Skip every picture. Print each line from the one containing "0 River 2 Rd #2, Ridgeway, SC 29130 photo 19" through the end of the records below, word for word.
==================================================
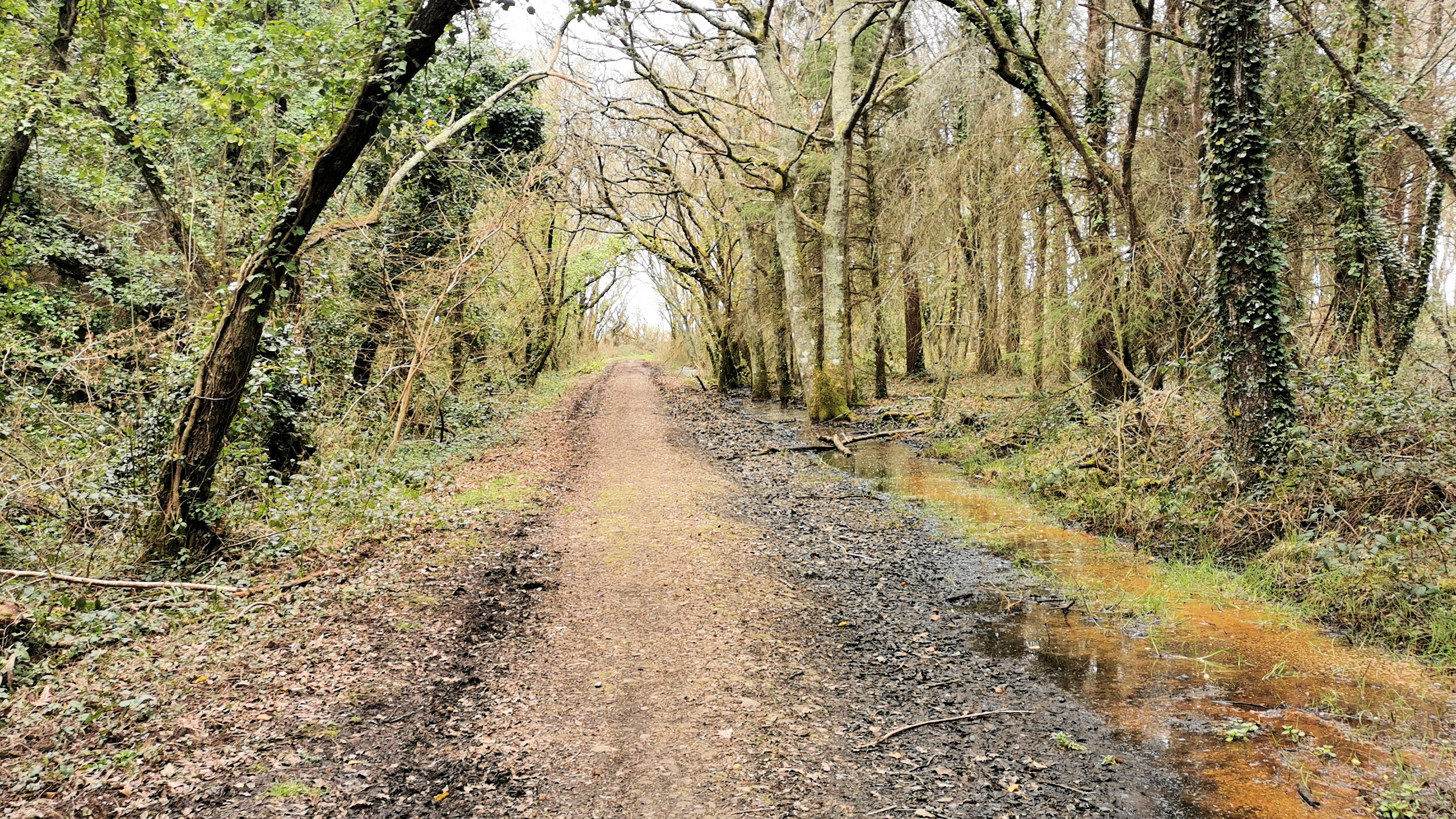 52-IMG_20210321_110013_2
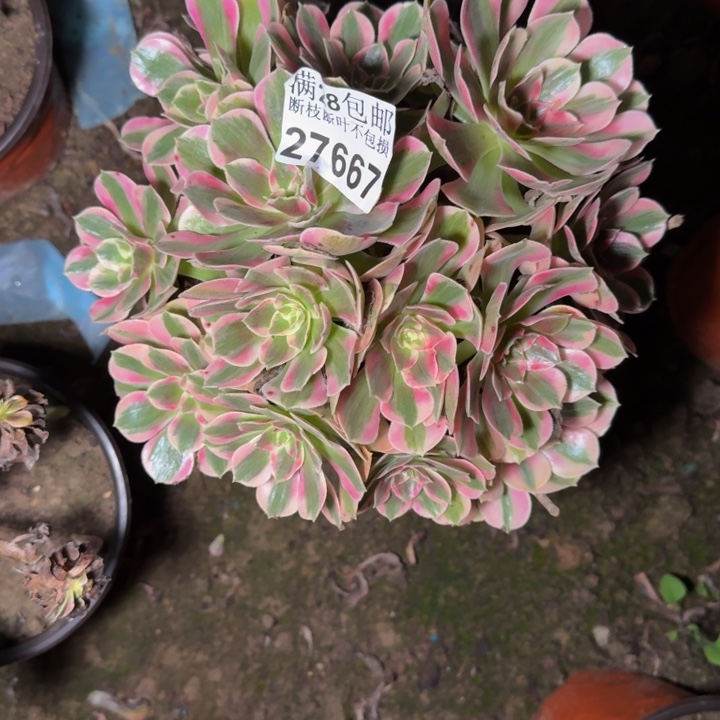 27667南女郎多肉植物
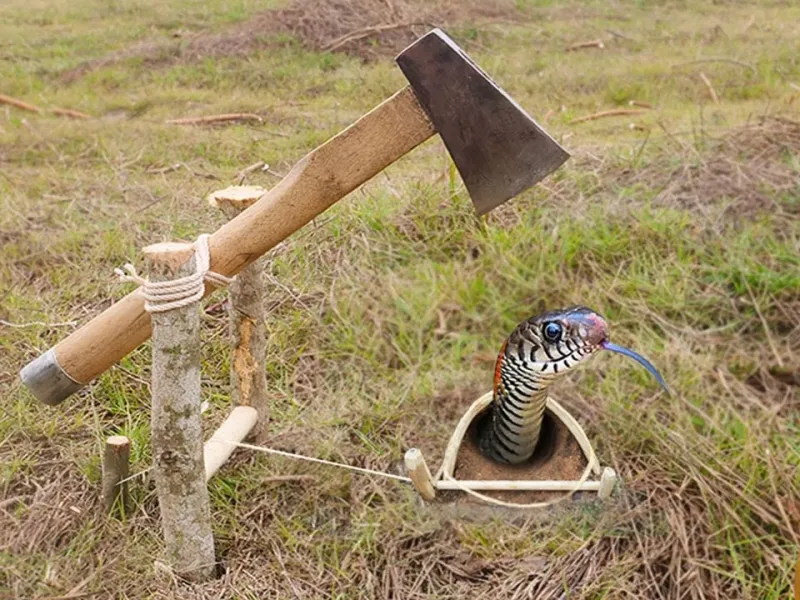 نحوه ساخت تله مار زنده گیر آسان و ارزان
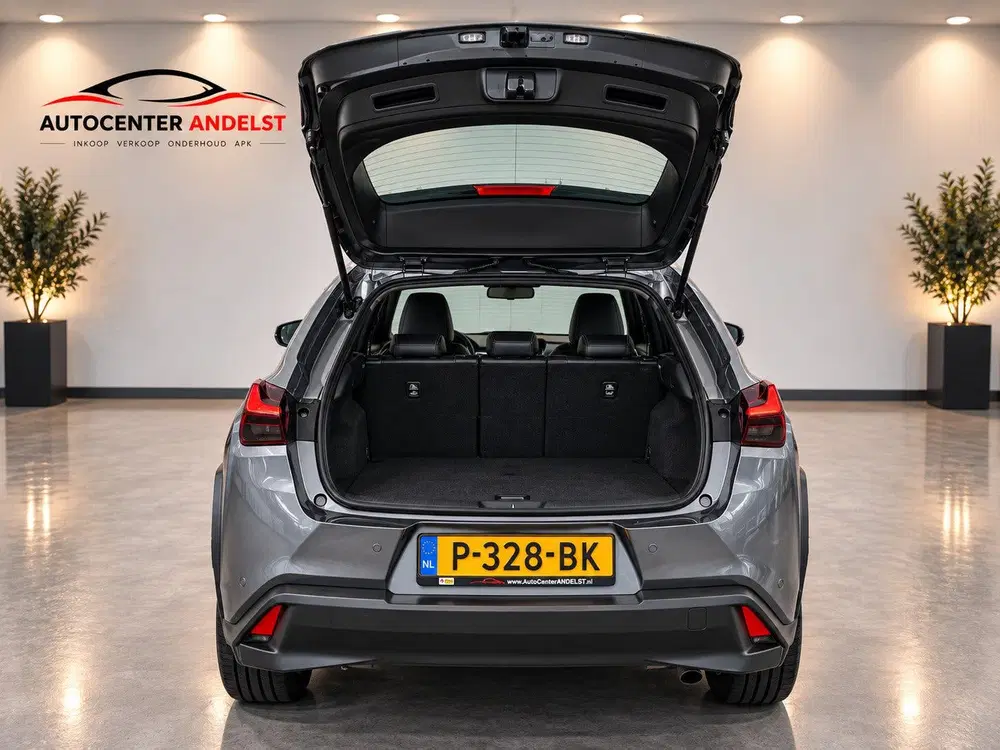 Lexus UX 250h Business Line Aut uit 2019, foto 9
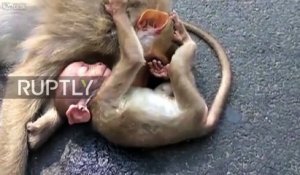Percutée par une voiture, cette guenon meurt devant son bébé singe !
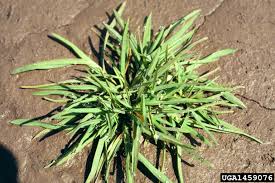 Attēlu rezultāti vaicājumam “Poa pratensis fruit”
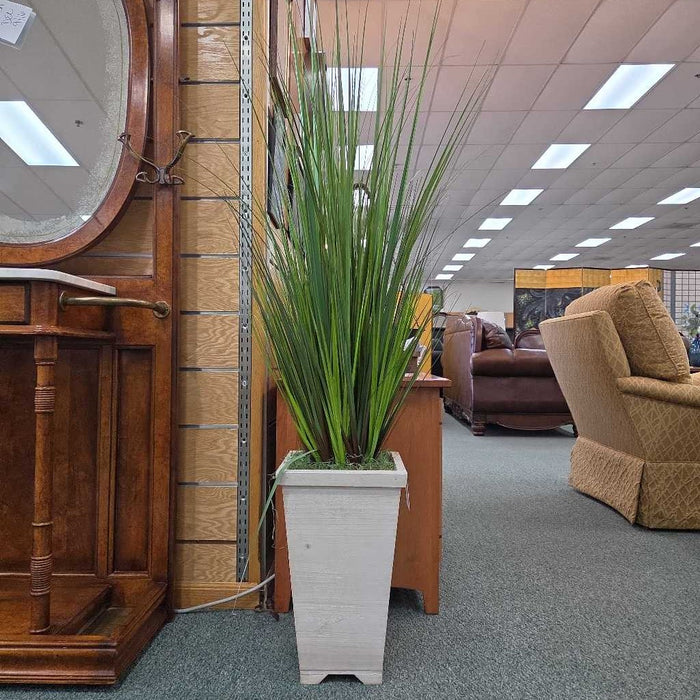 SILK PLANT BT
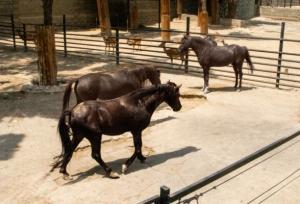باغ وحش ارم اسب ورزشی ندارد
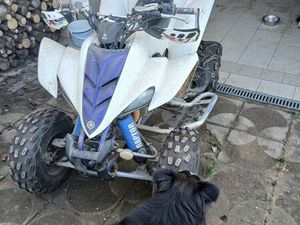 QUAD 350 RAPTOR HOMOLOGUÉ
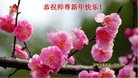 ֹ,ӱ󷨵ӹףʦ(26)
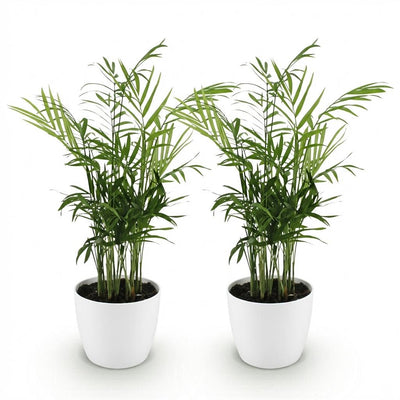 2x Goldpalme (Chamaedorea elegans) im Topf, haustierfreundlich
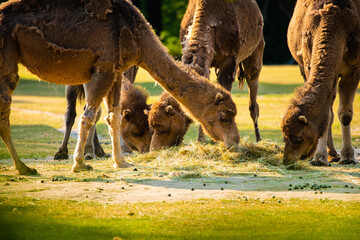 several camels graze and eat hay on a free range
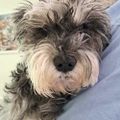 Profile picture billydee123.bsky.social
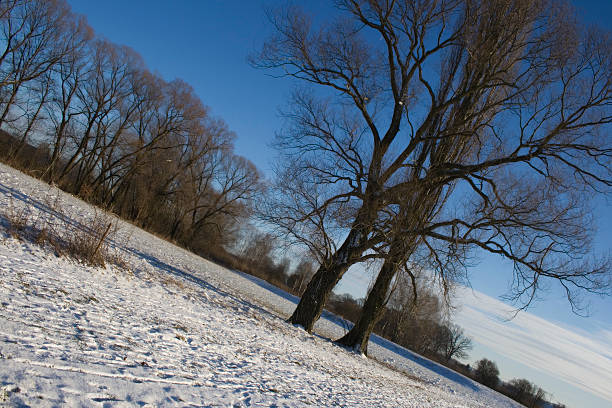 冬の風景をお楽しみください。 - clear sky diagonal snow winter ストックフォトと画像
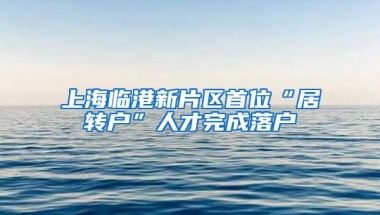 上海临港新片区首位“居转户”人才完成落户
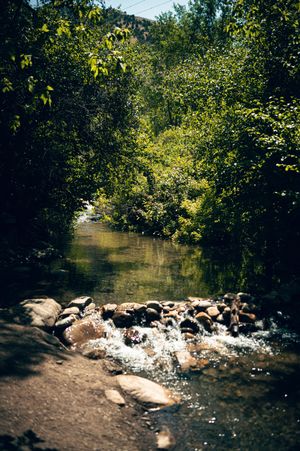 A serene forest stream flows over smooth rocks surrounded by lush green trees in dappled sunlight.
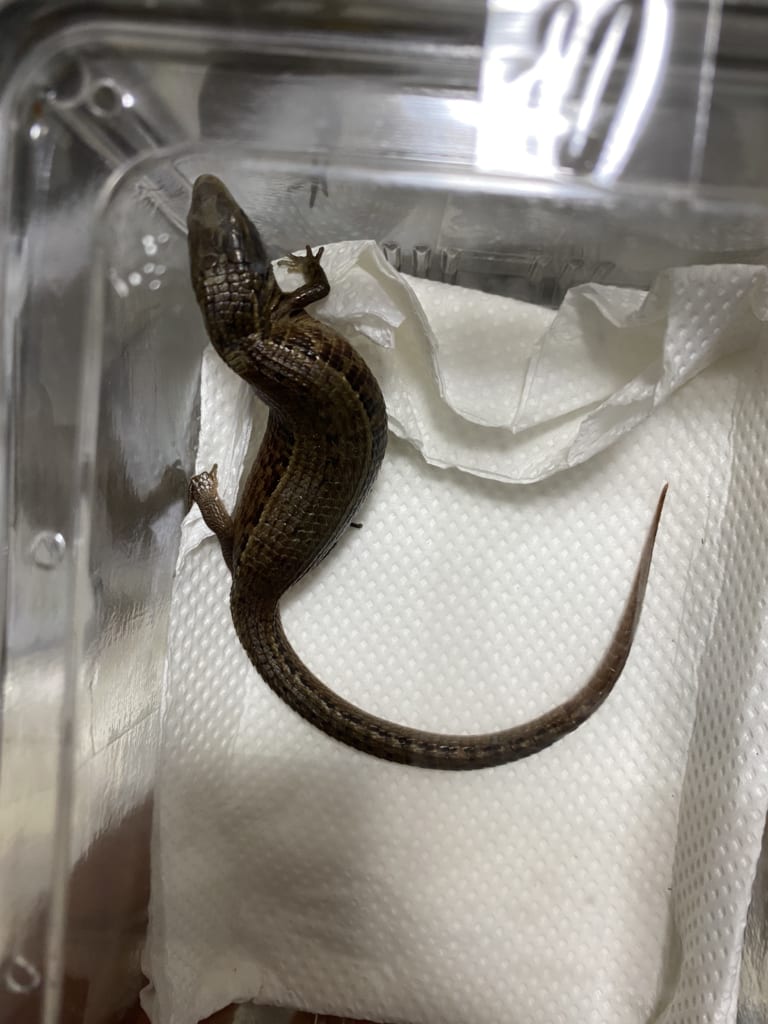 WC モレレットアリゲータートカゲ（Mesaspis moreletii）メス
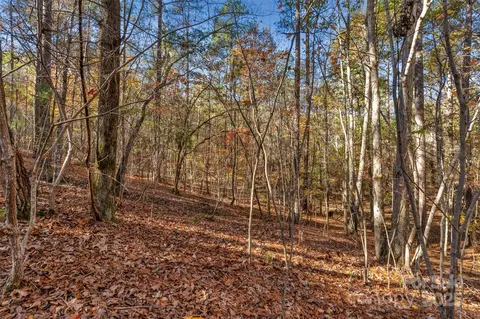 0 River 2 Rd #2, Ridgeway, SC 29130 photo 19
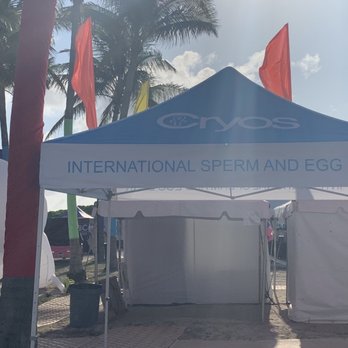 Miami Beach Gay Pride - Useful Booths ranging from free hiv tests to fertility storage info to just very very good food and miscellaneous items for sale - Festivals Near Me Miami Beach Gay Pride - Useful Booths ranging from free hiv tests to fertility storage info to just very very good food and miscellaneous items for sale - Festivals Near Me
==================================================
» Completed task:
 0 River 2 Rd #2, Ridgeway, SC 29130 photo 19
 Miami Beach Gay Pride - Useful Booths ranging from free hiv tests to fertility storage info to just very very good food and miscellaneous items for sale - Festivals Near Me Miami Beach Gay Pride - Useful Booths ranging from free hiv tests to fertility storage info to just very very good food and miscellaneous items for sale - Festivals Near Me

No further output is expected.